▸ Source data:
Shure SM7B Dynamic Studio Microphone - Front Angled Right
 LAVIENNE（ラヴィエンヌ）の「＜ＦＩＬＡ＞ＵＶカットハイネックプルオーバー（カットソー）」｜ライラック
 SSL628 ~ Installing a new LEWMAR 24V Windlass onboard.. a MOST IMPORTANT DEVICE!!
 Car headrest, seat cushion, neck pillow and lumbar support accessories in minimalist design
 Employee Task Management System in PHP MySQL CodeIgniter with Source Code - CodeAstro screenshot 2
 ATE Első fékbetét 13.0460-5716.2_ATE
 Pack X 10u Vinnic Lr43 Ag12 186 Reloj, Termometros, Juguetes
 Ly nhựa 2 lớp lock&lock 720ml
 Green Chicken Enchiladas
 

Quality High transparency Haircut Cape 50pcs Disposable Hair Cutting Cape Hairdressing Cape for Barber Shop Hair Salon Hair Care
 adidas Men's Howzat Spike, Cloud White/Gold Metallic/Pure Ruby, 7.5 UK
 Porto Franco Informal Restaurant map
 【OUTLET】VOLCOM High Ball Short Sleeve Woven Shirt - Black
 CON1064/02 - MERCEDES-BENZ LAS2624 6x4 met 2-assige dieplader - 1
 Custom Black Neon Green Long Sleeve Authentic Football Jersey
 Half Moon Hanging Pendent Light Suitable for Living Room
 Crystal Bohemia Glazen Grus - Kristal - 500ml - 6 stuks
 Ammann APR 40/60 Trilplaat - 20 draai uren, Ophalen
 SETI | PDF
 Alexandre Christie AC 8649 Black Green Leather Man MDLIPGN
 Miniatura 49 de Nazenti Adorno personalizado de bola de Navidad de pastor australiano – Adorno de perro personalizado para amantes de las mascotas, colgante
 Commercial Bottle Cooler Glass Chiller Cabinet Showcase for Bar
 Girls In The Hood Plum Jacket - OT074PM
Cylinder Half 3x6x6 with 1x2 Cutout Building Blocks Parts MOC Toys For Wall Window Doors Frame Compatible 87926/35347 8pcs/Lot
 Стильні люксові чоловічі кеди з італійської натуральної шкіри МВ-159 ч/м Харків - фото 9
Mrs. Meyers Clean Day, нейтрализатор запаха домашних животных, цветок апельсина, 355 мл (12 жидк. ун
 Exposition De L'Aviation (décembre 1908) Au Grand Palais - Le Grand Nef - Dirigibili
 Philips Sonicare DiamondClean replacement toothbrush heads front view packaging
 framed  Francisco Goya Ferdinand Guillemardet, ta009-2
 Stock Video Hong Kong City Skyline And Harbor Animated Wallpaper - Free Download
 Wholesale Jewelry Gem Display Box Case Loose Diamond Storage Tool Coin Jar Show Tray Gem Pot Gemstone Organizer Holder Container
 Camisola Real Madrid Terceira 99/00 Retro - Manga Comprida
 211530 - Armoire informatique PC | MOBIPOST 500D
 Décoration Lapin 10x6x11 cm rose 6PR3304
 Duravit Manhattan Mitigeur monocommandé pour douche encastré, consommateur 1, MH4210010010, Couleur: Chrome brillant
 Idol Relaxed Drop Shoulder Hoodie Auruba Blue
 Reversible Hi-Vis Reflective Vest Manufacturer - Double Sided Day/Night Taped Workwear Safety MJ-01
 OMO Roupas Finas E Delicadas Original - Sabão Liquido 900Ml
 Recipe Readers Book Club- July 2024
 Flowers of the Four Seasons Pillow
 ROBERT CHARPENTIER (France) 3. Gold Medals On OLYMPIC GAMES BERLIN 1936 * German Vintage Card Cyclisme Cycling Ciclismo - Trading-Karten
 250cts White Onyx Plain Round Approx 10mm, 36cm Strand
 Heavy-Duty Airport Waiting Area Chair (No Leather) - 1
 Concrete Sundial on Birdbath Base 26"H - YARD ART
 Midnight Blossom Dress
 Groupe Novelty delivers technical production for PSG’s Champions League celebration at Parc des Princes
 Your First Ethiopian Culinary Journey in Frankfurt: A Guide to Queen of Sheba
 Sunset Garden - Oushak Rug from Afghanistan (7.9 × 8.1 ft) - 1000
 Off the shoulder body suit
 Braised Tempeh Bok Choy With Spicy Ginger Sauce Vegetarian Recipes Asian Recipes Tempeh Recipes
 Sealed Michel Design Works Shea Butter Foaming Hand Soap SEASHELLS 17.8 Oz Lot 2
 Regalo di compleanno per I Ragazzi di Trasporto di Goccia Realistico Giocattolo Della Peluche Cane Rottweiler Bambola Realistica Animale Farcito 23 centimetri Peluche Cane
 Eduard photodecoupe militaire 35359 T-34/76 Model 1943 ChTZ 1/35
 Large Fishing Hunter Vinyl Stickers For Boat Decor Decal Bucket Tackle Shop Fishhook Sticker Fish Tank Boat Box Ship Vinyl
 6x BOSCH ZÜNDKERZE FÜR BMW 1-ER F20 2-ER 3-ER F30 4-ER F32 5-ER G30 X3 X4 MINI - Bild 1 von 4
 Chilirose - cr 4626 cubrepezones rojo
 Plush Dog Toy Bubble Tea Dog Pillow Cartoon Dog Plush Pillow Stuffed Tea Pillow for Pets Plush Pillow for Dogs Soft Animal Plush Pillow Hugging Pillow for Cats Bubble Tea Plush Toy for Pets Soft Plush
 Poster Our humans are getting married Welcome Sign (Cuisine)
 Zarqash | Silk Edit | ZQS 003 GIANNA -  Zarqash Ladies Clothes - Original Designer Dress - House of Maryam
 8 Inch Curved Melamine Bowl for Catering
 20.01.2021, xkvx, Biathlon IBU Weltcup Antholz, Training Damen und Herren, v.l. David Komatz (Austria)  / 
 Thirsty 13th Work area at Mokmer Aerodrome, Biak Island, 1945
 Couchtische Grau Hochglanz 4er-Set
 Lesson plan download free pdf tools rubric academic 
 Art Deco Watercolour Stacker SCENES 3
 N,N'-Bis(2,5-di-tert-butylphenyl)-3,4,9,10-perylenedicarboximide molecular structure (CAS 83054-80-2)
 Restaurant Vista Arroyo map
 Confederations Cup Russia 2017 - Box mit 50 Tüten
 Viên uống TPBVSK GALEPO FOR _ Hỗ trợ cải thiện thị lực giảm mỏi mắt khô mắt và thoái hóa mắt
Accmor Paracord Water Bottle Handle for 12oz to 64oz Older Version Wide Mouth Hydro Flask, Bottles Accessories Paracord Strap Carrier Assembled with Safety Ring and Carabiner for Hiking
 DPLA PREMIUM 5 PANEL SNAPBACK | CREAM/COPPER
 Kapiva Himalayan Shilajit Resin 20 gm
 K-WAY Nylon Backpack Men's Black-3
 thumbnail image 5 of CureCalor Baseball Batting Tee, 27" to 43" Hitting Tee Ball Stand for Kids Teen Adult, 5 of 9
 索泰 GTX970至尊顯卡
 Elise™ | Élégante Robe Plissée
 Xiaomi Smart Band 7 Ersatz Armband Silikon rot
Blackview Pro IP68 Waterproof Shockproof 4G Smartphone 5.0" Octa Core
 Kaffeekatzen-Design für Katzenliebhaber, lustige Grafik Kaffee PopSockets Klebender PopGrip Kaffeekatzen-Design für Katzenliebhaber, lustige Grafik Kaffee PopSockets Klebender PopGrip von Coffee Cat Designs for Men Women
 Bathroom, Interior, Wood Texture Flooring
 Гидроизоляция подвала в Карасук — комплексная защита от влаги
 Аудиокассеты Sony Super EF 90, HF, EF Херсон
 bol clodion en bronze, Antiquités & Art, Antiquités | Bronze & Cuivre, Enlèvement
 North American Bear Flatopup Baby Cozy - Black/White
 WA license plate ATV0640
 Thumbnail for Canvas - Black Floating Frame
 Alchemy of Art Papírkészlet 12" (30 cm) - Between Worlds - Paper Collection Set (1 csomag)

▸ YOUR GOAL:
Please find every line in the records that contains the word "Original", and copy it out.

▸ EXERCISE OUTPUT:
 OMO Roupas Finas E Delicadas Original - Sabão Liquido 900Ml
 Zarqash | Silk Edit | ZQS 003 GIANNA -  Zarqash Ladies Clothes - Original Designer Dress - House of Maryam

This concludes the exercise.